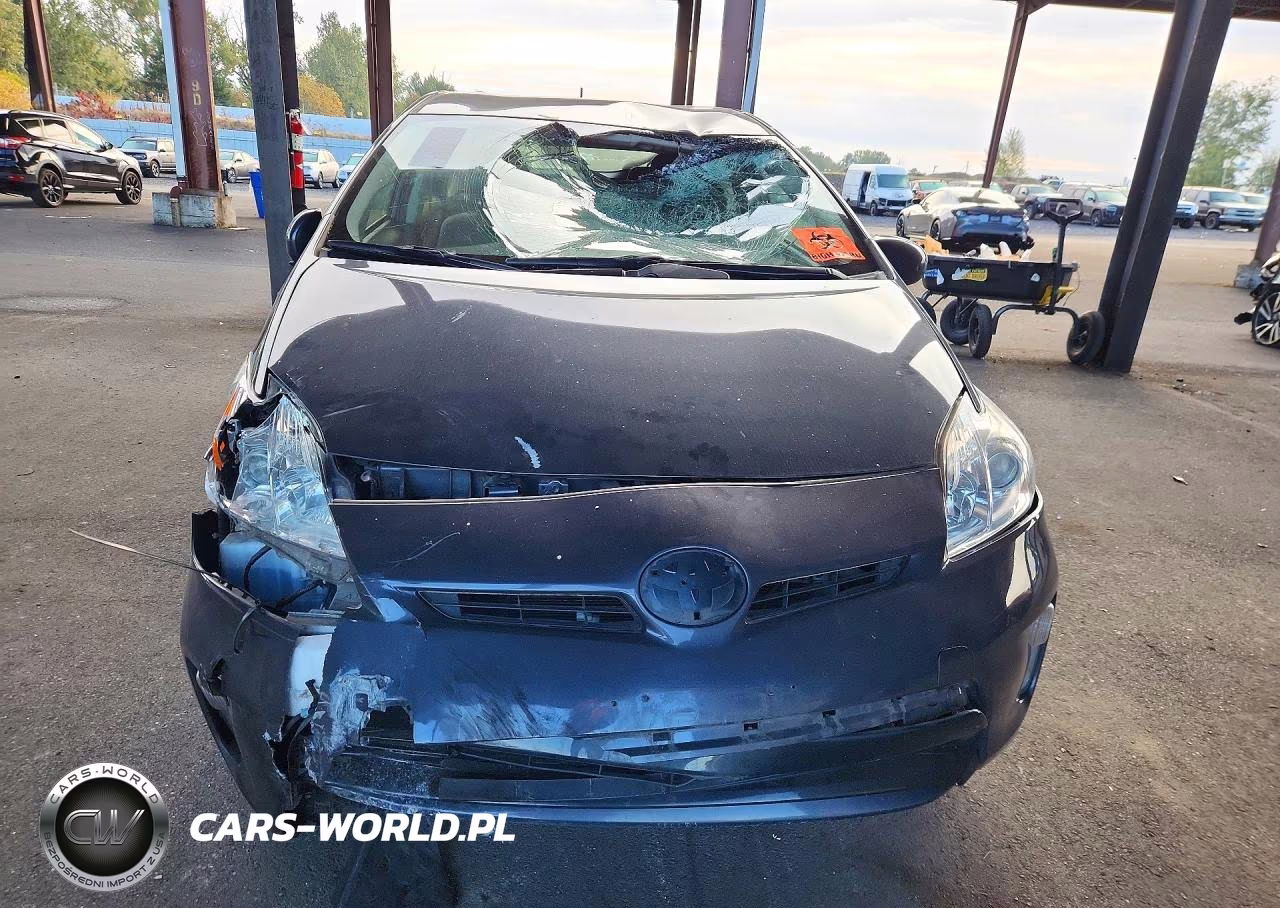 2015 Toyota Prius Two VIN:JTDKN3DU0F1959300 - 5
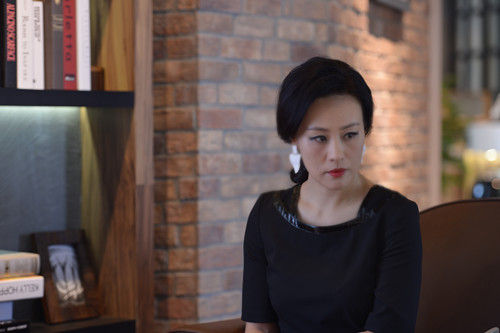 在前几集的剧集中,剧中时尚女主编李木子的扮演者邬君梅[微博]便受
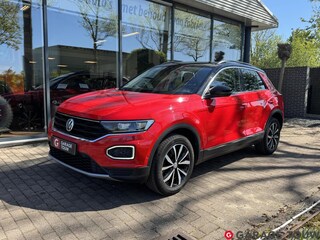 Volkswagen T-Roc 1.0 TSI Afn. Trekhaak, Led, ACC, Clima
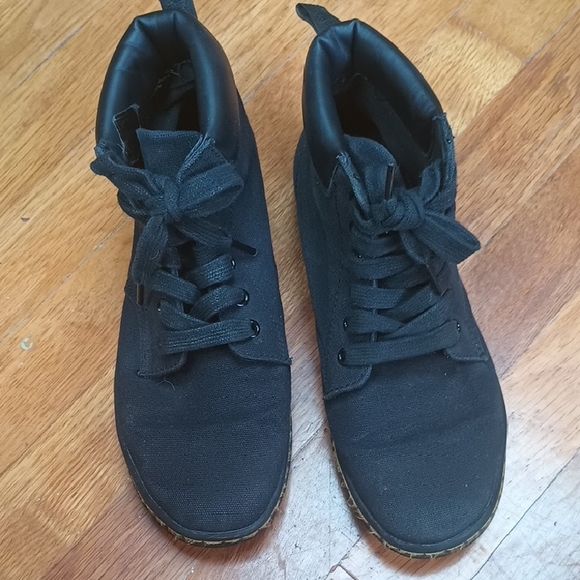 Women's Dr. Martens Maelly lace up boots size 7 - Picture 1 of 7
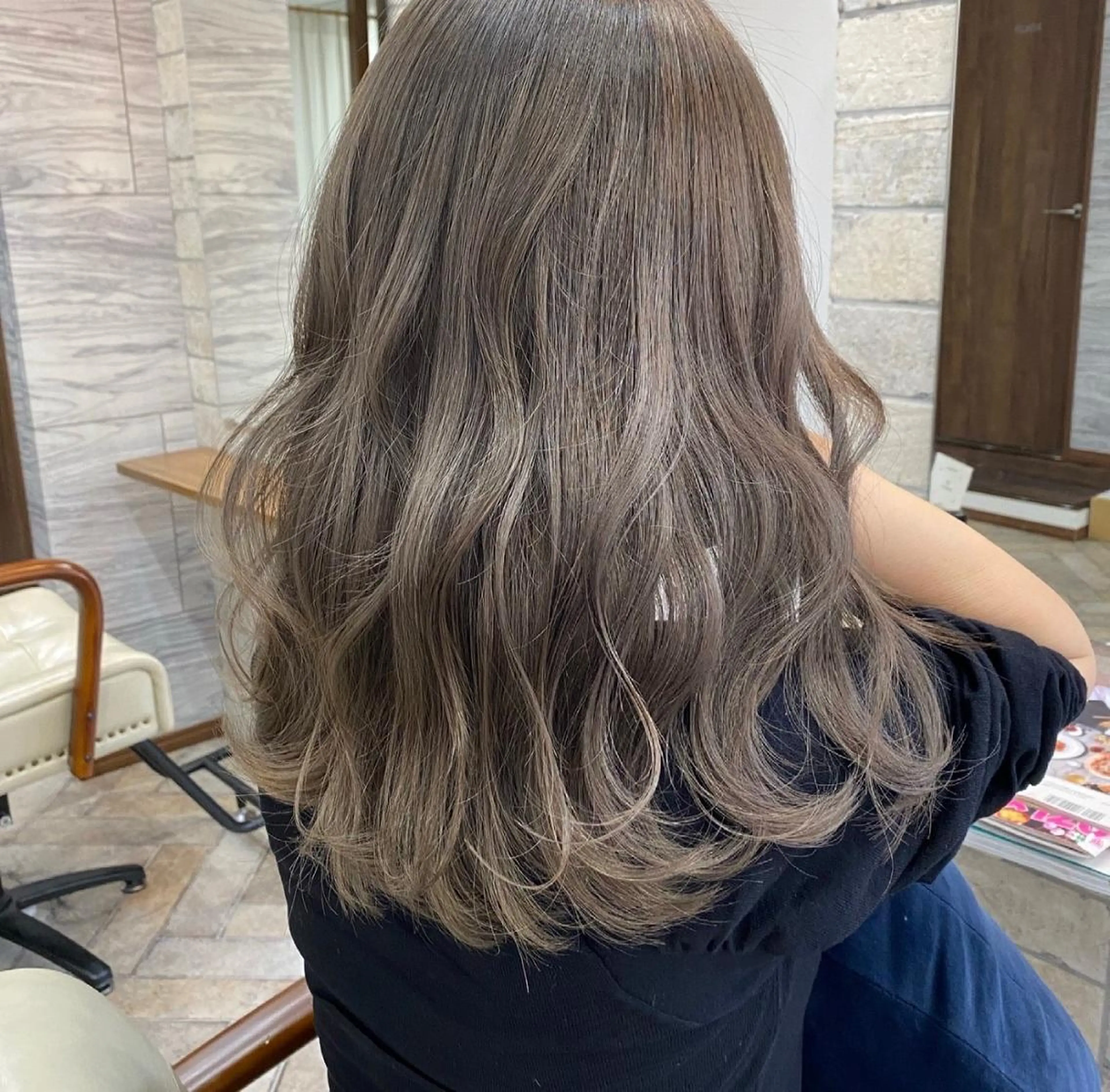 ロング カラー パーマ メンズ ヘアアレンジ ネイル キッズ マツエク・マツパ アイブロウ メンズバレイヤージュ メンズブリーチ フェードカット メンズハイライト メンズハイトーン 髪質改善🇰🇷 レイヤーカット/梅田のヘアスタイル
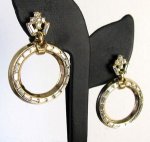 Trifari　 トリファリ フープ　イヤリング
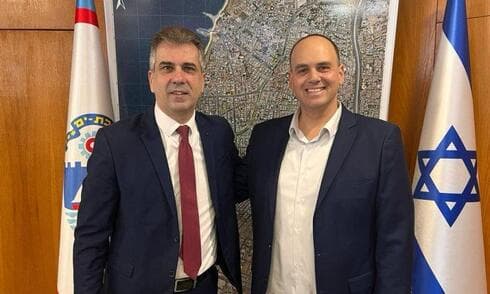 ראש עיריית בת ים צביקה ברוט והשר אלי כהן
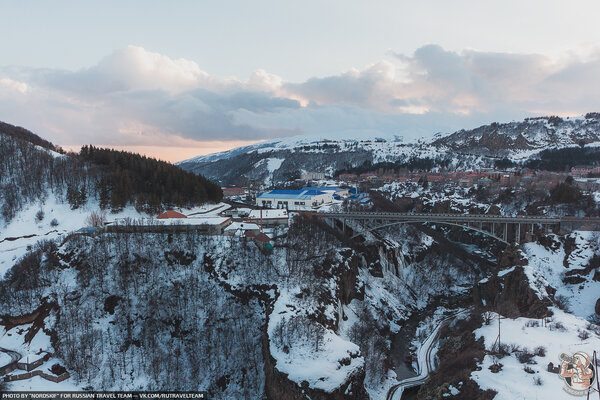 Скучаете по СССР? Нашёл для вас удивительную гостиницу в сердце кавказских гор!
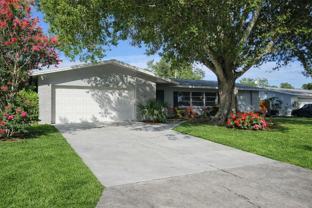 1329 Fairfield Dr - Photo 1 of 1
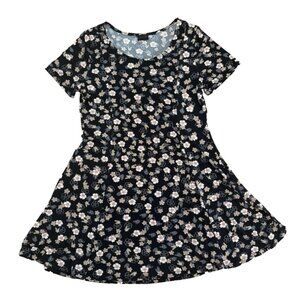 Junior's XL Black Floral Rose Stretchy Flowy Short Sleeve Casual Pullover Dress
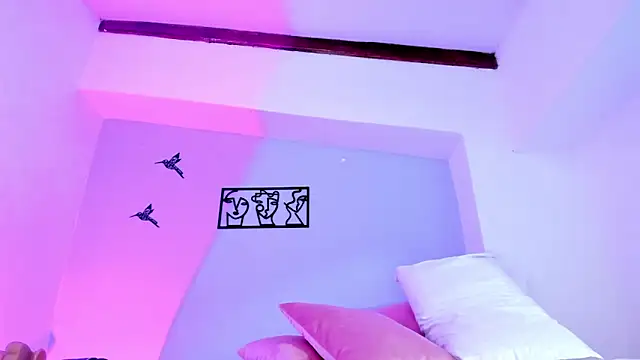 Snapshot of Laura_Torres18 chatting on February 15, 12:26 am Laura Torres18 online show from February 15, 12:26 am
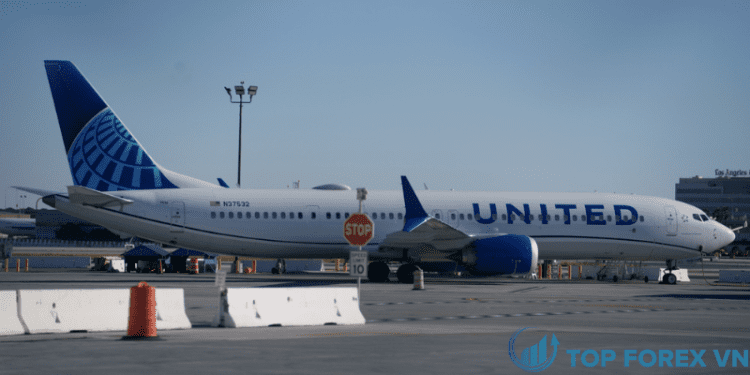 Cổ phiếu United Airlines giảm 3,4% sau khi FAA Hoa Kỳ tăng cường điều tra an toàn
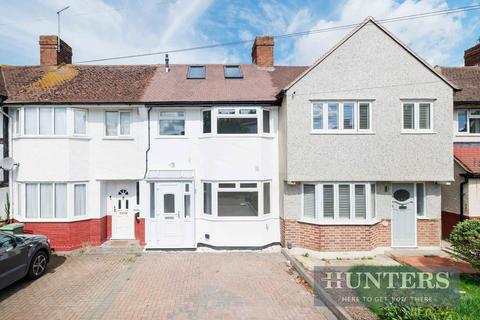 168 Buckland Way, Worcester Park, KT4 8NP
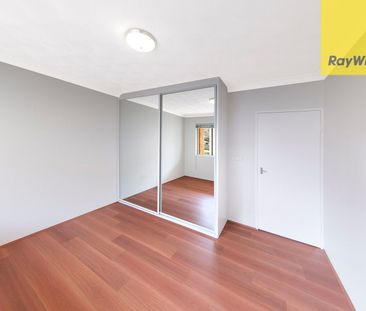 Prime Location! - Photo 2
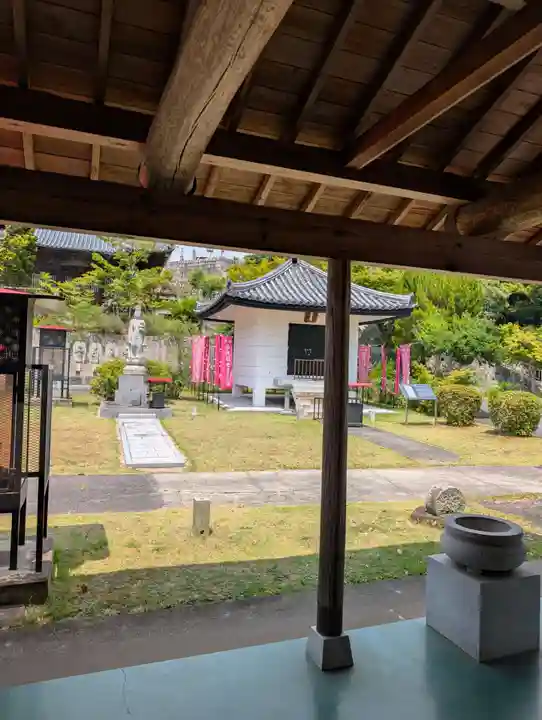 遍照寺法界院(岡山県)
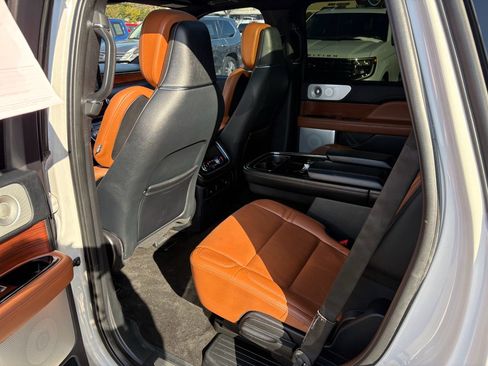 Used 2020 Lincoln Navigator Reserve w/ Equipment Group 208A Reserve image 14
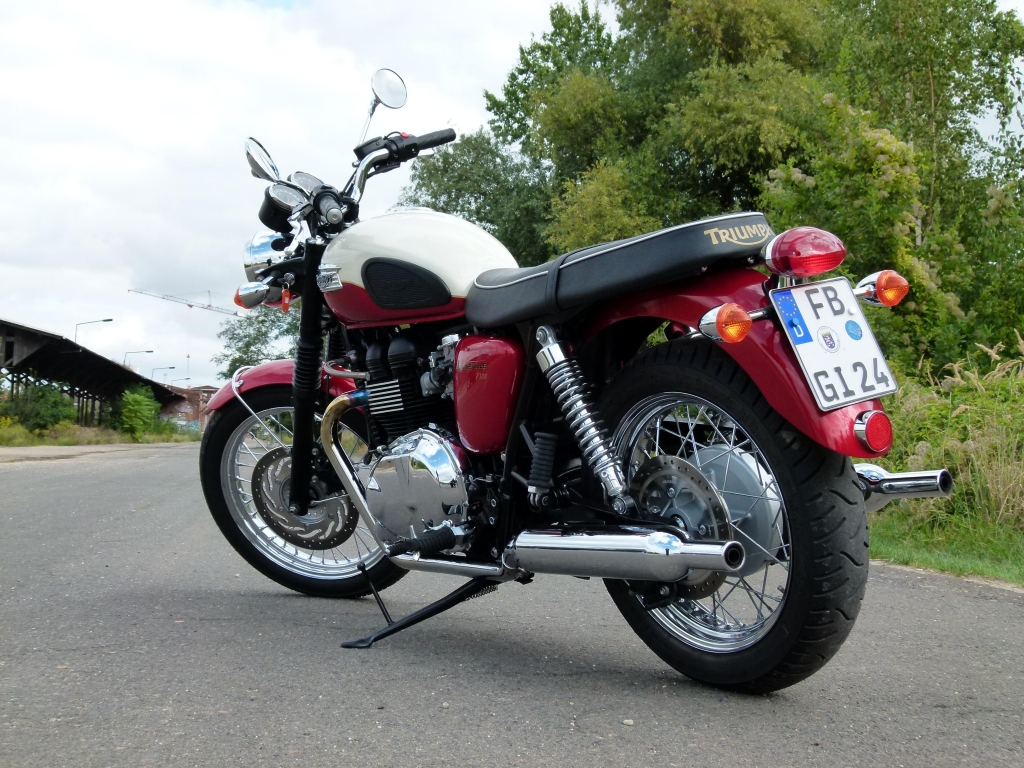 Test Triumph Bonneville T100: ... und die Gier nach Glanz
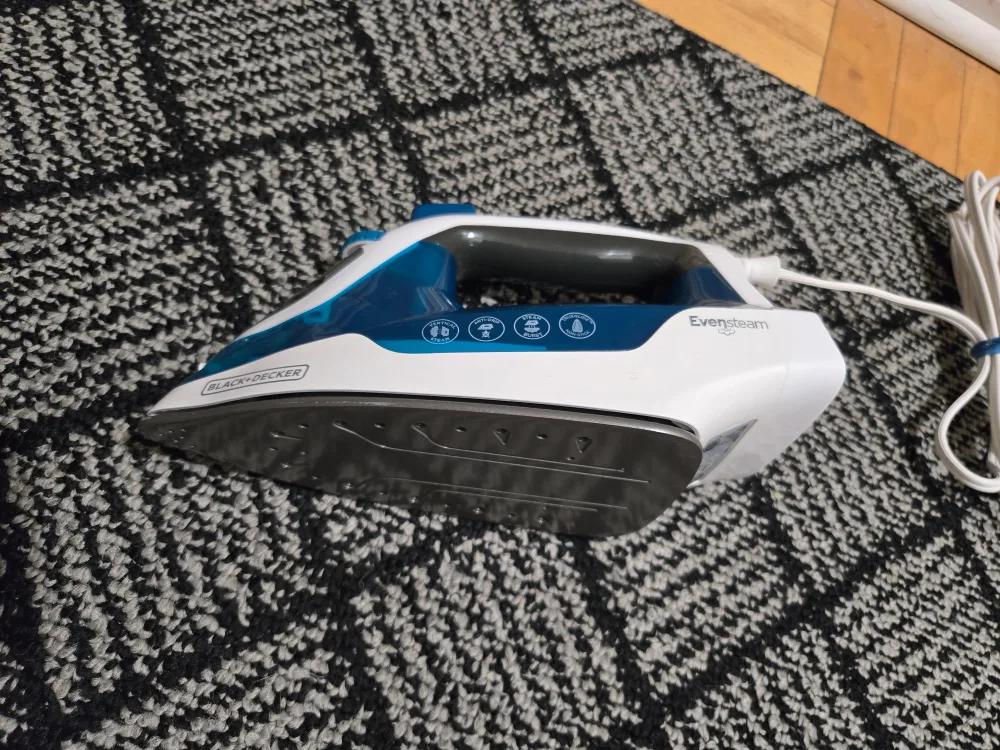 Clothes IRON thumbnail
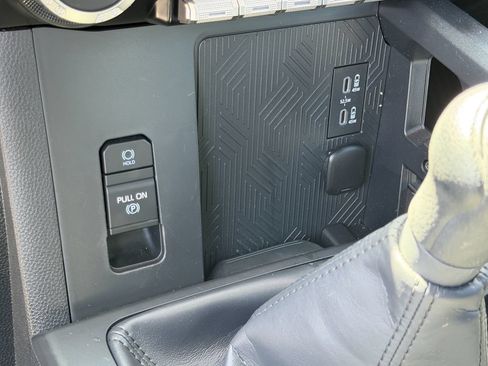 Used 2025 Toyota Tacoma SR AWD/4WD image 28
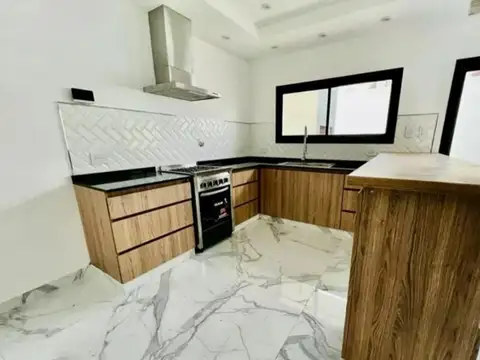 Casa en Venta en Barrio Parque Leloir, USD 250.000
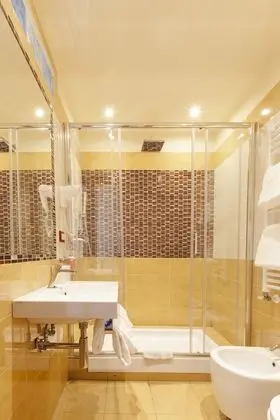 Tek Büyük Yataklı Oda, Balkon, Şehir Manzaralı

* * *

◆ **WORK ITEM**:
Repeat the material above exactly; any picture in it is left out.

◆ **OUTPUT**:
 2015 Toyota Prius Two VIN:JTDKN3DU0F1959300 - 5
 在前几集的剧集中,剧中时尚女主编李木子的扮演者邬君梅[微博]便受
 Volkswagen T-Roc 1.0 TSI Afn. Trekhaak, Led, ACC, Clima
 Women's Dr. Martens Maelly lace up boots size 7 - Picture 1 of 7
 ロング カラー パーマ メンズ ヘアアレンジ ネイル キッズ マツエク・マツパ アイブロウ メンズバレイヤージュ メンズブリーチ フェードカット メンズハイライト メンズハイトーン 髪質改善🇰🇷 レイヤーカット/梅田のヘアスタイル
 Trifari　 トリファリ フープ　イヤリング
 ראש עיריית בת ים צביקה ברוט והשר אלי כהן
 Скучаете по СССР? Нашёл для вас удивительную гостиницу в сердце кавказских гор!
 1329 Fairfield Dr - Photo 1 of 1
 Junior's XL Black Floral Rose Stretchy Flowy Short Sleeve Casual Pullover Dress
 Snapshot of Laura_Torres18 chatting on February 15, 12:26 am Laura Torres18 online show from February 15, 12:26 am
 Cổ phiếu United Airlines giảm 3,4% sau khi FAA Hoa Kỳ tăng cường điều tra an toàn
 168 Buckland Way, Worcester Park, KT4 8NP
 Prime Location! - Photo 2
 遍照寺法界院(岡山県)
 Used 2020 Lincoln Navigator Reserve w/ Equipment Group 208A Reserve image 14
 Test Triumph Bonneville T100: ... und die Gier nach Glanz
 Clothes IRON thumbnail
 Used 2025 Toyota Tacoma SR AWD/4WD image 28
 Casa en Venta en Barrio Parque Leloir, USD 250.000
 Tek Büyük Yataklı Oda, Balkon, Şehir Manzaralı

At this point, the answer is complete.